First we tried doing percolation on a separate cluster, but since each percolating node is practically autonomous - it just gets a document, percolates and registers the result with our backend - we ended up having a self-contained jar that does all that. We also had issues with discovery over S3, which are no longer an issue when we run a 1-node cluster, as stupid as it may sound.

We are also using a custom PercolatorExecutor implementation - it implements Highlighting using the ParsedDocument as the data source and also has some smarts with regards to query filtering. In order to do this, I had to copy-paste code and create a new Percolator Moudle and using some hack to catch the singleton PE implementation. It is a very ugly hack and quite hard to keep up to date with updates.

In case you'd ask, the reason why we still use ES's percolation and not a custom built MemoryIndex implementation is the compatibility we need with the ES index structure we have, and analyzer and QueryParsing conventions.

TL;DR

If there could be a way to run a stand-alone, cluster-less PercolatorExecutor instance, enjoying all the benefits of the Mappers and QueryParsers but without the intense memory requirements and startup times, that would be really great.

Once this PE instance is initialized, it would be great if there was a way to actually get it using some Java API call - even raw access to the IoC container could help. Alternatively, access to the MapperService, QP instances etc.

Additionally, going forward it would really help having the PercolatorExecutor itself extensible - in particular the ability to amend the queries feed using the Java API (for example for registering, updating and removing of queries using a mechanism other than the ES API), and to have selectors on those queries. I'm aware the percolator query can accept a query with the doc to percolate, but I actually couldn't get it to work for some reason (and got no answer on the mailing list)

Will be happy to discuss the small details as well

Cheers

kimchy · 2013-09-03T12:25:48Z

Regarding being able to run standalone percoaltor service, you can start a local node in your Java program, and just use that for embedded percolations. I would though stress that by going embedded you won't be able to use the built in distributed aspects of percolation that are coming in 1.0.

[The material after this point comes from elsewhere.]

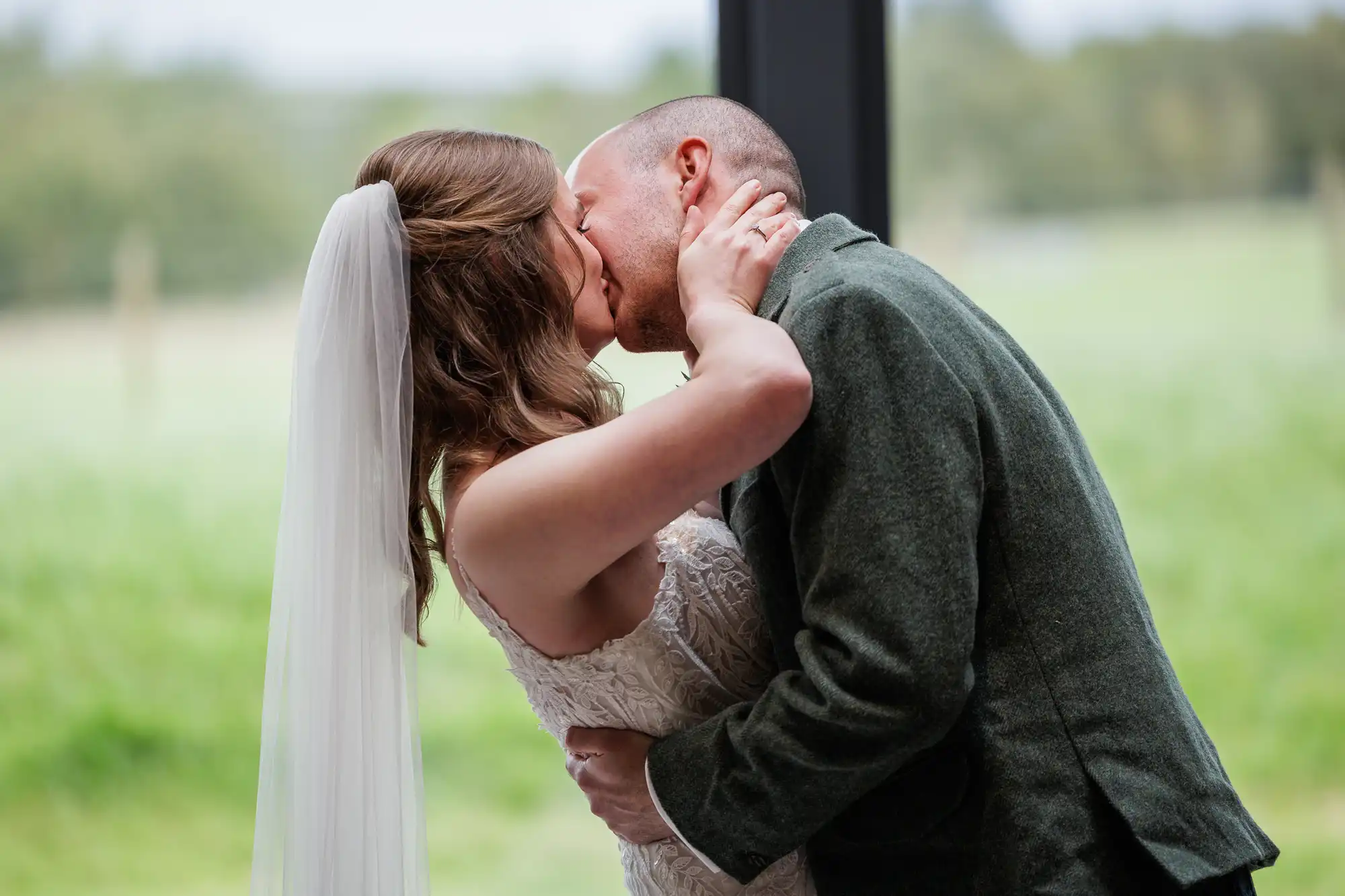 A bride in a white lace dress and veil kisses a groom in a green suit jacket. They embrace closely indoors, the groom holding the bride’s waist and the bride’s arms around his neck. Green fields and trees are visible through large windows behind them.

Regarding being able to extend the percolation, we have made some progress there in 1.0, as part of the work of distributed percolation (that now also supports highlighting). I will say though that pluggability of percolator is less of a priority for us, as we typically prefer to add features that can then be used for all the userbase of ES without the need for extensions (like highlighting, which we added in 1.0).

The selectors part work. We won't add pluggability to things that are features in ES.

Btw, if your needs end up being really custom, you can always implement your own "percolator service", ES is open for you to do so.

martijnvg · 2013-09-03T12:32:09Z

@synhershko Have you seen the recent changes that have been done in master regarding the percolator (#3173, #3574, #3506, #3488)? Like @kimchy said making a standalone percolator doesn't make much sense now since the percolator is now distributed.

synhershko · 2013-09-03T14:47:46Z

Re standalone - this is exactly what we did (went embedded and implemented our own service). My problem is with the amount of init work and memory this still requires, network and FS operations we don't really need etc. I haven't previously set local to true - this could help, but still the only thing we really need is the things required for the PercolatorExecutor instance to work correctly.

The concept of percolation within a cluster obviously isn't targeted for high rate of percolation operations - otherwise I can't really understand how it is at all useful, even when it is done distributed. In scale, just the serialization and network traffic involved can be considered a waste, and you'd be better dedicating nodes to do percolation alone.

Is there a way to selectively init stuff? say, if I only wanted the MapperService and QueryParserService and not the whole package?

Or maybe a way to get to the IoC container and ask it for an instance? couldn't find a way to do that

We don't mind about losing distributed features - as I said each node is autonomous and I would rather have it as light and concentrated at percolation as possible.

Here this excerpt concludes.